● **Records provided**
========================================================================

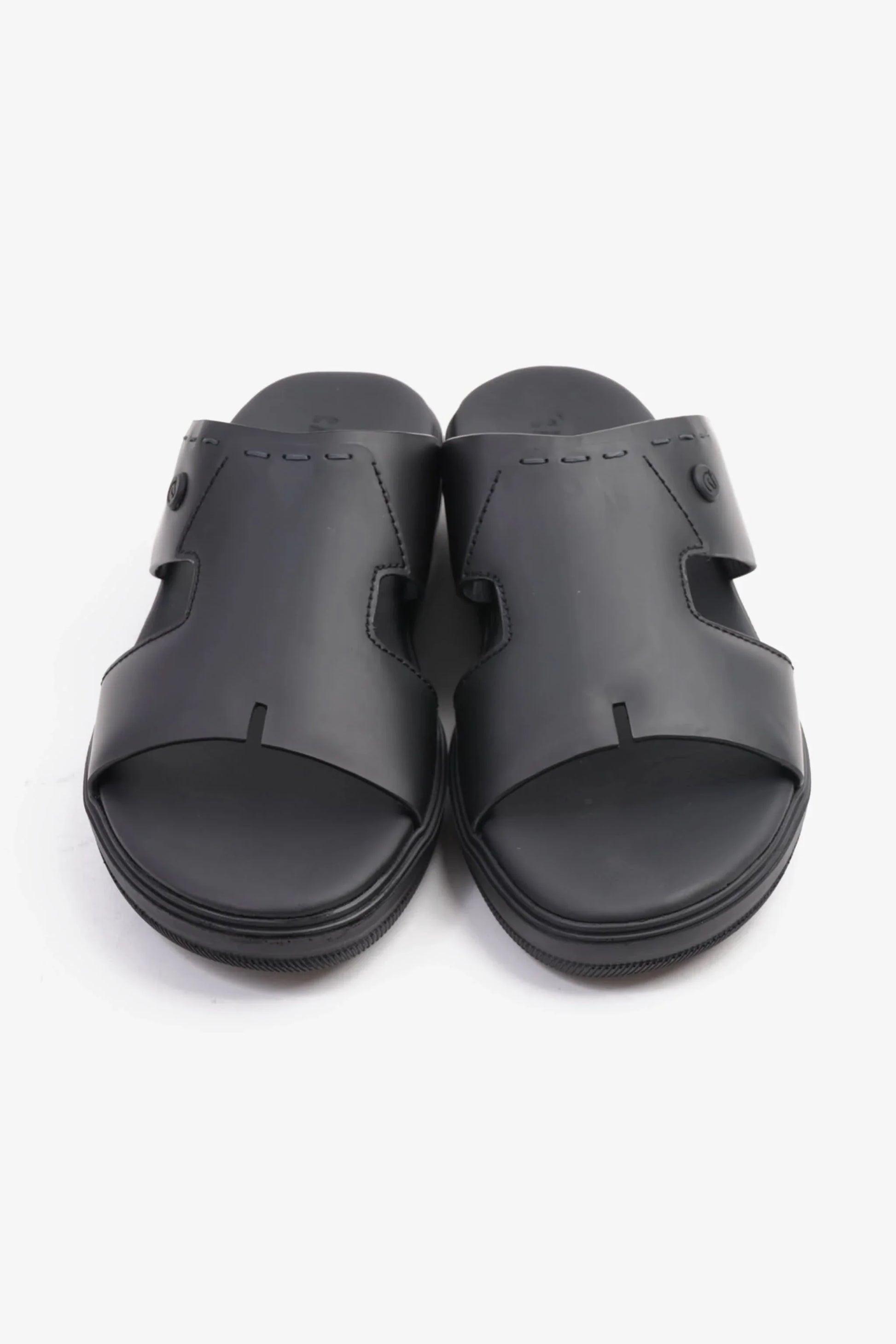 Cavalier Uomo Men's Slip-On Arabic Sandals Black MSDCVJS503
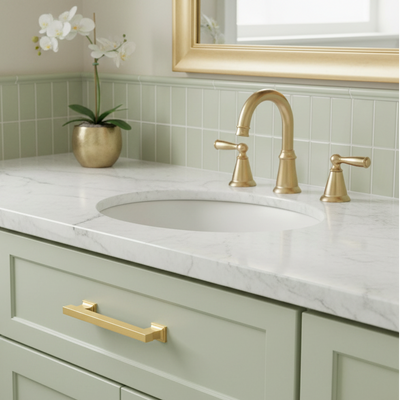 Cosmas 702-96BB Brushed Brass Contemporary Cabinet Pull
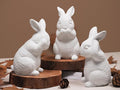 3 Pcs Rabbit Animal Candle Mold - 3 Style - Silicone Resin Casting Molds for Candle & Resin & Soap Craft Supplies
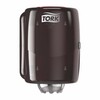 Aftøringspapir dispenser, Tork, M2, sort/rød, 248mmx232mm x 360mm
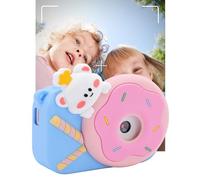 Digital Camera for Kids Teens Girls Boys, Cartoon Photo Frames Camera with Dual Lens Autofocus, FHD 1080P Camera, Compact Camera with 6 Filters (Blue)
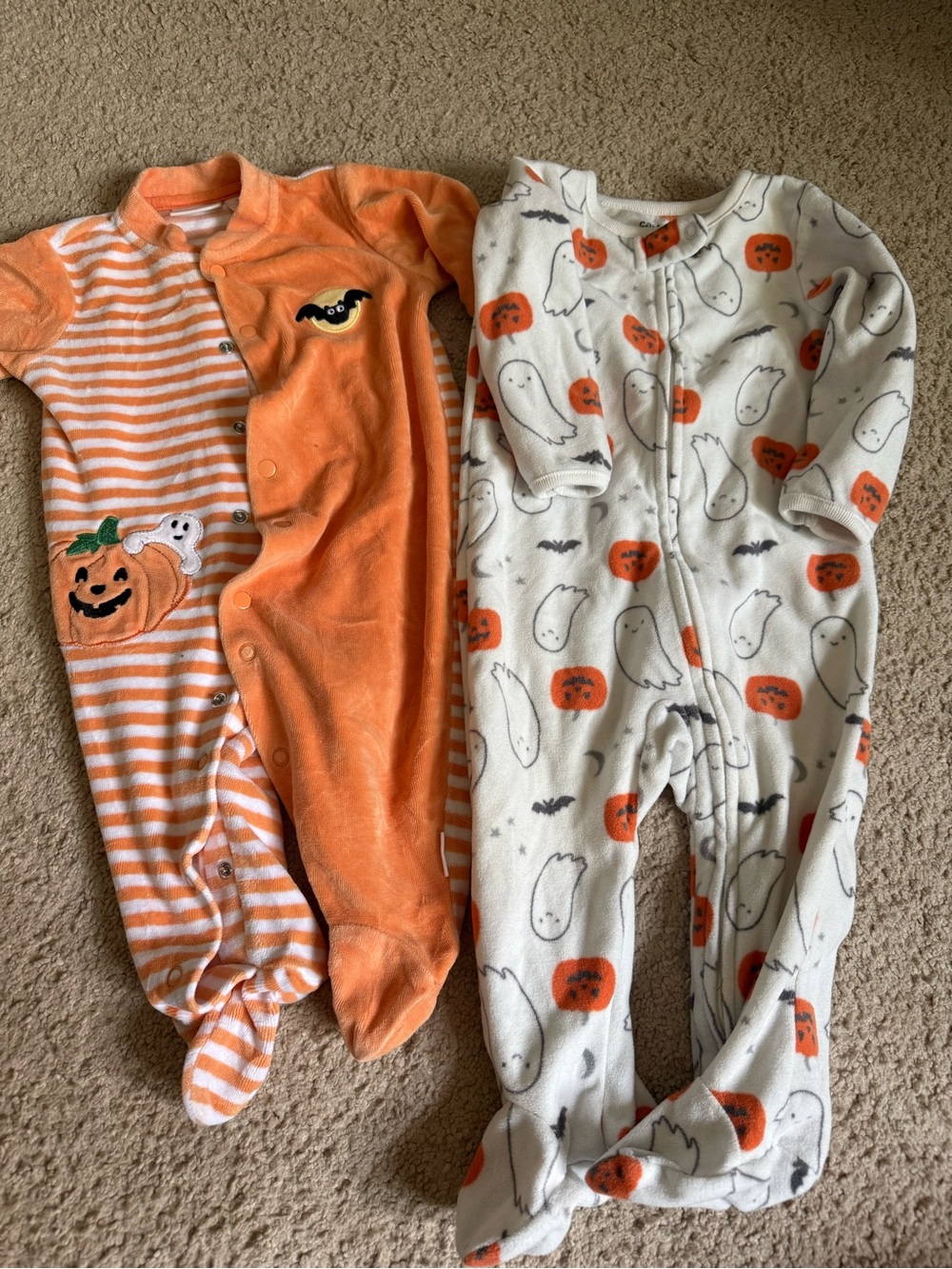 Halloween Footed fleece One-Piece pajamas (2-Pack) size 9 months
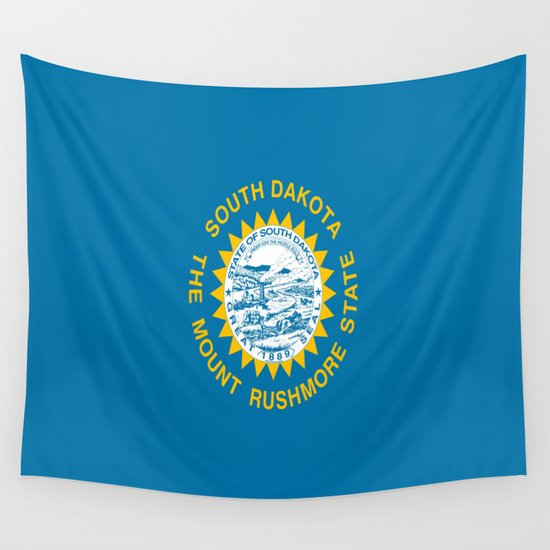 Flag Of South Dakota America Us Mount Rushmore Dakotan Midwest Sioux Fall Rapid City Aberdeen Pierre Wall Tapestry By Oldking Society6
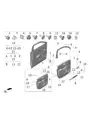 Декоративная панель левой передней двери для LIXIANG L9 MAX 2023, X01-61026351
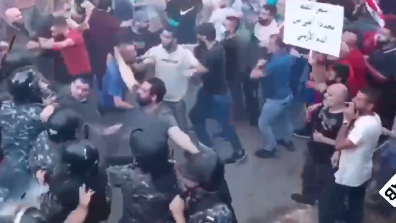 [Vidéo] Attaque contre l'Ambassade d'Azerbaïdjan à Beyrouth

========================================================================

● **Task**
Please, leaving out all pictures, transcribe exactly the lines above from the one containing "Декоративная панель левой" through the final line, both included.

● **Result**
 Декоративная панель левой передней двери для LIXIANG L9 MAX 2023, X01-61026351
 [Vidéo] Attaque contre l'Ambassade d'Azerbaïdjan à Beyrouth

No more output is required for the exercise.